The sustainability-linked panda bond is tied to CLI’s target of lowering its energy consumption intensity by at least 6% at its properties in China.  The reduction in energy consumption intensity will contribute to CLI’s efforts in meeting the targets set out in its 2030 Sustainability Master Plan, which include achieving Net Zero carbon emissions for scope 1 and scope 2 by 2050 and reducing scope 1 and 2 carbon emissions by 46% by 2030.

Mr Puah Tze Shyang, CEO of CLI (China), said: “This issuance enables CLI to diversify our capital sources and increase our financial flexibility.  The panda bond also integrates our financing efforts with CLI’s sustainability performance, demonstrating our focus on responsible growth.  This latest initiative to tap the sizeable domestic capital market in China helps mitigate foreign exchange fluctuations and is part of our ongoing prudent capital management.”

GRESB has launched a new suite of tools for managers and investors.

The new REAL Solutions product suite will provide actionable insights into the sustainability, resilience and efficiency of assets, the real assets ESG benchmarking firm said.

Roxana Isaiu, Chief Product Officer at GRESB said: “REAL Solutions marks a significant milestone for GRESB. It was developed in response to the evolving needs of institutional investors and managers seeking deeper insights into the sustainability of individual assets.

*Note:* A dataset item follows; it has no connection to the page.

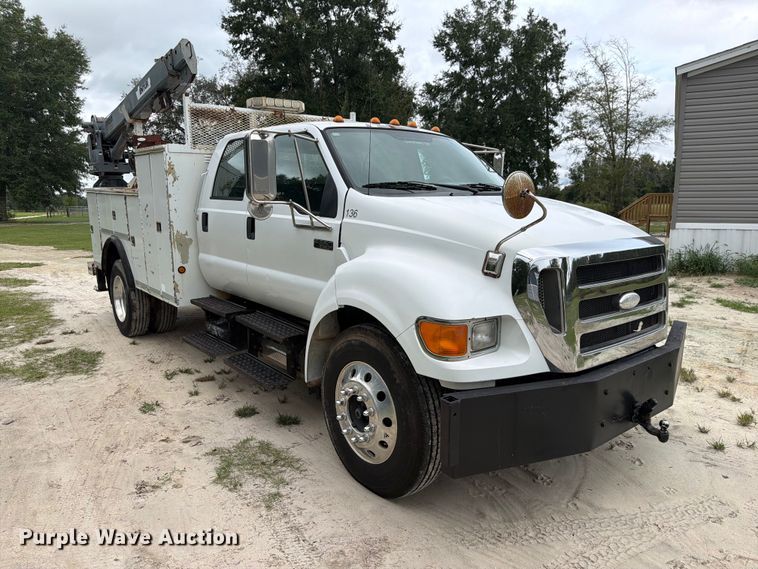 image for item DV7398 2008 Ford F650 Crew Cab utility / service truck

This represents a decade-long commitment to understanding, measuring and benchmarking the real-world performance of investor-owned assets worldwide.”

The new suite of solutions is powered by GRESB’s annual real estate assessment, which measures factors such strategy, leadership, policies and processes, risk management, performance at the asset and portfolio level, and development factors, including its efforts to address ESG issues during design, construction, and renovation.

The first solution in the new suite, to be released in April, is REAL Benchmarks, an interactive dashboard for real estate fund managers, which allows them to analyse the contribution of individual assets to portfolio performance, including insights into energy use and emissions. 

The solution will enable users to compare asset performance against asset-specific GRESB benchmarks and against industry pathways, and to identify portfolio laggards. User will also be able to visualize energy and GHG performance and to filter portfolios by location, property type, and year.

The next product to be launched will be REAL Statistics, a global dataset covering energy and greenhouse gas intensity values and trends for financial institutions. When launched, REAL Statistics will provide asset-level data points organised into 11,000 combinations of property type, electricity grid, location and climate zones.